If you said yes, this recipe is for you! Not only is this almond bread biscotti recipe the perfect combination of nutty and crispy, but these unique crunchy cookies with origins in Australia will become a go-to favorite!
What is Australian almond bread?
Contrary to what this sounds like, this recipe for almond bread is not a loaf of almond-flavored gluten-free bread. This almond recipe is a delicate, crisp form of biscotti cut into thin slices. By slicing the cookies thinly and baking them for a second time, you’ll create an almond bread biscotti with an irresistibly crunchy texture!
More reasons to love this recipe
- You only need 6 simple ingredients, all pantry staples that you probably already have.
- You can customize these thin biscotti with different flavors or nuts.
- You can bake the dough in loaf pans or as a biscotti log on a baking sheet.
- These crunchy almond biscotti will stay crisp for weeks, so you can easily make them in advance!
- Biscotti and espresso make the perfect pair if you need a mid-morning pick-me-up.
- These thin almond biscotti are also a great gift for friends and family during the holiday season.

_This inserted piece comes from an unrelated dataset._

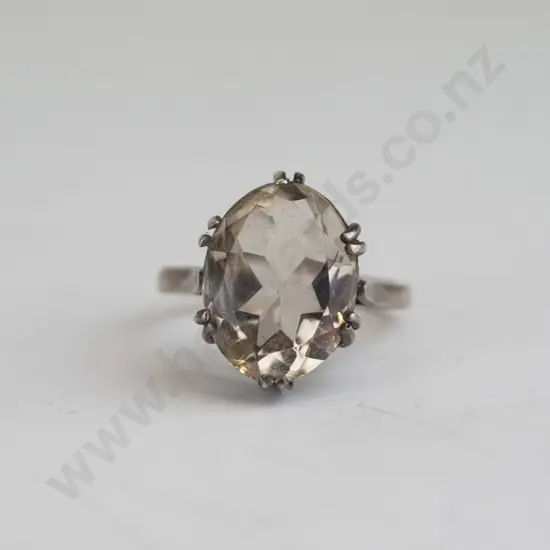 silver dress ring with large clear stone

Like this cranberry pistachio biscotti, these paper-thin almond biscotti keep their crunchy texture even after weeks of making them -if they last that long!
Step-by-step instructions
Preheat your oven to 350°F (175°C). Position the oven rack in the center. If using, line a large baking sheet with parchment paper. Otherwise, grease 2 loaf pans (9.25×5.25×2.75 inches). Set aside for now.

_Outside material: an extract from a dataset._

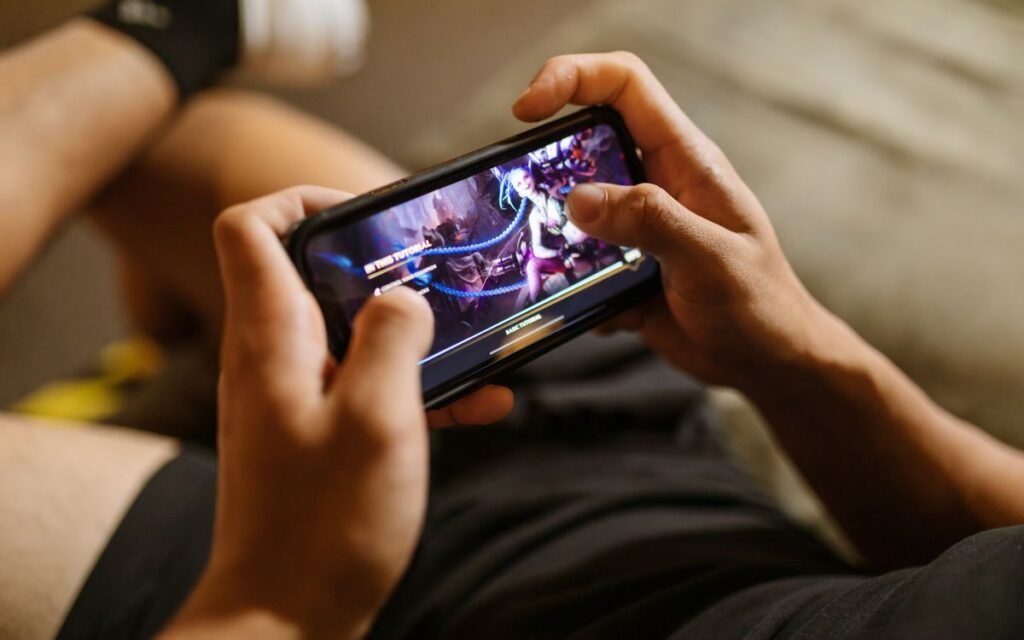 Close-up of hands gripping a phone sideways during a mobile game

Sift or whisk 3 cups of all-purpose flour (425 grams) in a large bowl. Set aside for now.
In a large mixing bowl or an electric mixer fitted with a whisk attachment, beat 5 egg yolks (room temperature). Slowly whisk in 1 cup of granulated sugar. Scrape down the sides and bottom of the bowl often.
Add 1½ teaspoons of pure vanilla extract.
Switch to the paddle attachment. Add the sifted flour to the egg mixture and incorporate. Scrape down the sides and bottom of the bowl often. The mixture will look like bread crumbs.
With a wooden spoon, incorporate the room-temperature roasted almonds (1½ cups). Transfer the mixture to a medium bowl.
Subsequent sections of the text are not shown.